**WHAT TO WORK ON**
All of the data that follows is to be printed exactly, without pictures.

DATA BELOW Block Start

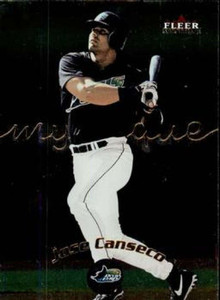 2000 Fleer Mystique #5 Jose Canseco NM-MT 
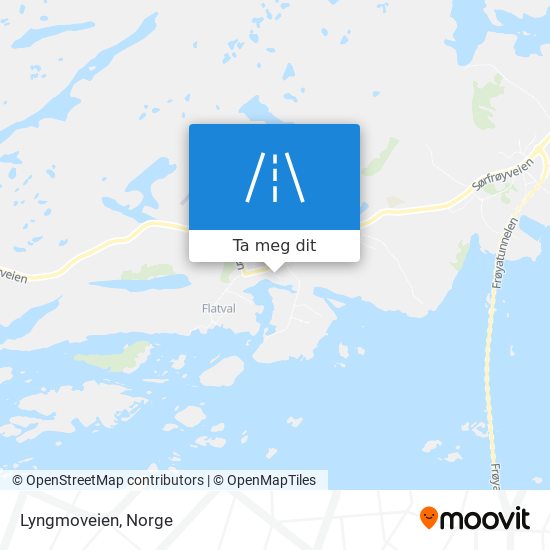 Lyngmoveien kart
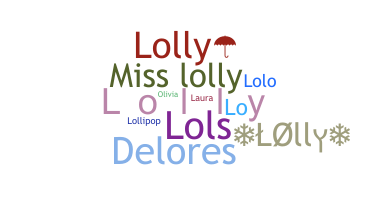 Nickname - Lolly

DATA BELOW Block End

**ANSWER SECTION**
 2000 Fleer Mystique #5 Jose Canseco NM-MT 
 Lyngmoveien kart
 Nickname - Lolly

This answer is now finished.